# Sealing inside Aluminum Boat



## 2fast4u (Feb 7, 2012)

I'm putting a new floor in my boat and wanting to seal the aluminum bottom while I have it open because it leaks a little. Anybody ever done this or had it done and what did you use?


----------



## MassillonBuckeye (May 3, 2010)

A lot of guys recommend a product called Gluvit.


----------



## ironman172 (Apr 12, 2009)

if it's riveted..... I would just tighten up those around the leaky area....sledge hammer inside with someone holding against it and some one on the outside hitting the rivet....really doesn't take too much.... but has worked for me in the past


----------



## capt j-rod (Feb 14, 2008)

+1 on the tightening. Not that hard to do. 3m 5200 is the sealer of choice be sure that surface is clean. Also try heating up the area with a heat gun before tightening.
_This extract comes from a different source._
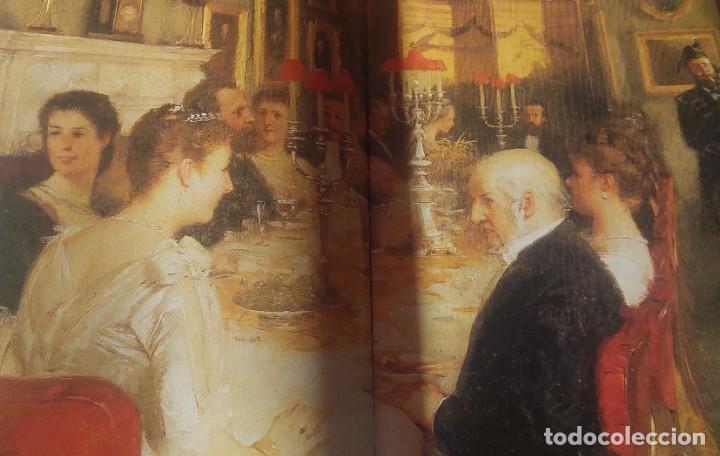 Libros: Precioso libro. INVITADOS Y ANFITRIONES. PROTOCOLO EN LA MESA - Foto 4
When it cools it shrinks down. Seems like there is a sealer in the seams that gets soft with heat. Good luck!


----------



## muskyhound (Jan 22, 2011)

Tighten the rivets, alum boats flex so sealing will only solve the leak short term, put water in the hull and find the ones that need tightened, we have done 3 older Starcraft and sylvan s this way and have had now problems, I have a tool that fits in a air chisel that works great, I live in canton if you would like to barrow it. Don't have a clue where plain city is.


----------



## onemorecastt (Feb 13, 2011)

I have used the bullfrog rivet kit, works great. If tightening them doesnt work this will do it.


----------



## 2fast4u (Feb 7, 2012)

Thanks for the info guys, I have the floor out so it's time to fill it. I have talked to guy about blasting it with plastic to clean it. Haven't made up my mind on a sealer but have several choices. Thanks for offering your tool muskyhound, I'll let you know.


----------



## Carpman (May 18, 2005)

used gluvit for years, can't be beat.


----------